Las tres escaleras del Capitolio (2)


El hecho de que sobren acompañantes y fotógrafos es mucho más significativo de lo que parece. La llamada “escalinata de los enamorados” no conduce a ningún sitio. Ni acaba en la Iglesia ni en el Comune, es decir, no acaba en matrimonio. Quienes emprenden la ascensión son todos aquellos que sólo quieren vivir intensamente los aspectos afectivos y pasionales del matrimonio, sin pretender afrontar ninguna responsabilidad personal y jurídica del amor que les lleva a unirse. No hay responsabilidad porque no existe un compromiso verdadero. Están atados únicamente por las engañosas promesas del amor erótico; se repiten el “para siempre” de los enamorados, pero no son capaces de decirlo en voz alta y en presencia de todo el mundo. Quienes emprenden aquella escalinata no ascienden, más bien descienden por un plano que lleva al pudrimiento del amor sexual, porque un amor que no conduce a la mutua entrega no es un amor digno de las personas. Y un amor de esta naturaleza no es festejable. Sólo se festeja lo que es bueno, lo que es digno del ser humano.
En definitiva, lo que realmente “mata” al amor –el principio de podredumbre– es el hecho de iniciar una ascensión por una escalera que no conduce a ningún sitio; la voluntad de vivir una vida sin ningún sentido o finalidad.
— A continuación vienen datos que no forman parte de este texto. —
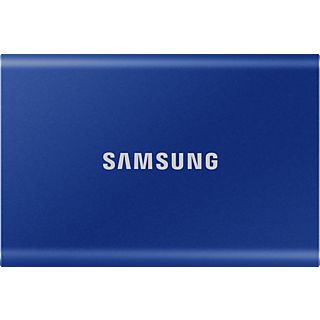 SAMSUNG Portable SSD T7 - Disque dur (SSD, 1 TB, Indigo Blue)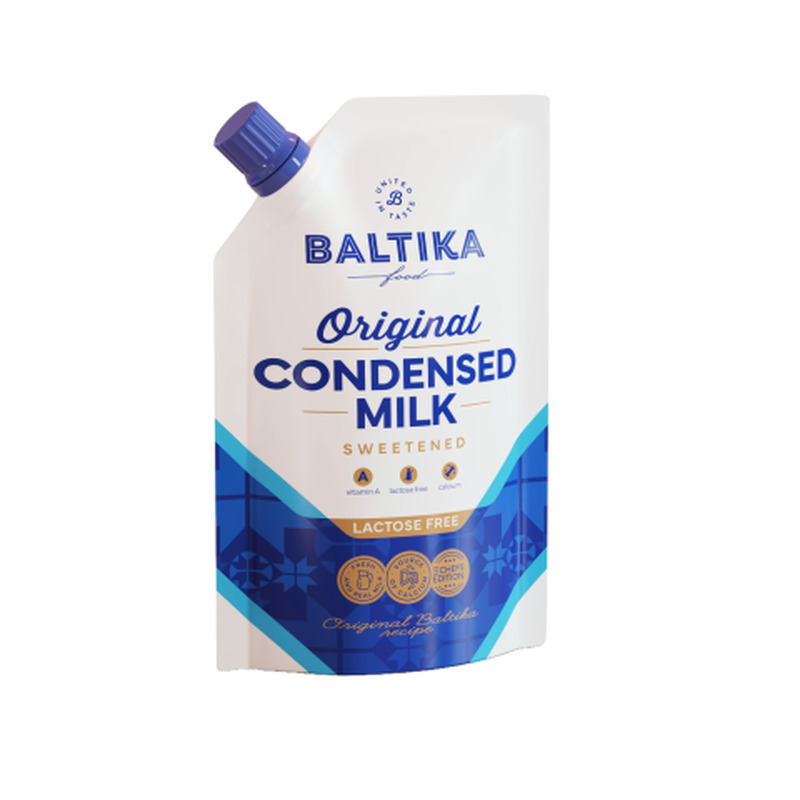 Kondenspiim magustatud laktoosivaba Baltika 290g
Con la apariencia de recorrer un camino que conduce a la felicidad, en realidad, se quiere solamente vivir el momento, sentir la intensidad de la pasión. En definitiva, no se toma ninguno de los dos la molestia de comprometer la propia existencia en buscar la perfección personal del otro. Parte de esa perfección consiste en querer que el otro desarrolle –siempre que sea posible– la potencial paternidad o maternidad. La exclusión de esa dimensión de la fecundidad de la persona es equivalente a una instrumentalización del otro, quien ya no se ve un bien en sí mismo, sino un bien útil para mí.
Por otra parte, un amor erótico, puramente sentimental, que no se perfecciona por la mutua entrega de los esposos, es un amor que no es participable por los demás componentes de la familia y de la sociedad. Y en el caso de que fuera participable no estaríamos ante una auténtica fiesta nupcial, sino en algo parecido a la orgía. En las nupcias auténticas, los comensales se saben partícipes de la alegría de los esposos. No en vano es la alegría  más alta que puede existir en esta tierra: amar de verdad y sentirse amado, con un amor fiel hasta la muerte. Es el júbilo que desborda el grito de Adán: “esto sí que es carne de mi carne y hueso de mis huesos” (Gén 2, 23). Esta alegría es tan intensa que no cabe en dos corazones solos y tiene que expandirse a la sociedad. Es el júbilo lo que es participable y, por eso, se inventan la música, los cantos y las danzas.
En cambio, no es participable la intimidad amorosa. Los invitados e incluso el sacerdote pueden llegar hasta el límite del tálamo nupcial, para acompañar a la esposa y bendecirla, como de hecho ha ocurrido durante siglos y siglos. Ahora bien, la intimidad sexual no es participable. Y cuando lo es, como ocurre con las orgías, entonces no estamos precisamente ante una fiesta, sino en una profunda degradación de la fiesta.
En resumen, el matrimonio es una institución creada por Dios para el bien de toda la humanidad. Es, por tanto, un bien público que debe ser tutelado con las características esenciales que han configurado sus perfiles desde el primer momento. El matrimonio es algo tan grande que ha sido colmado de bendiciones y elevado por Cristo a la dignidad de sacramento, haciendo que la unión de los contrayentes sea signo del amor entre Él y su Iglesia. De ahí que el matrimonio sea mucho más que un simple contrato o acuerdo privado entre dos personas.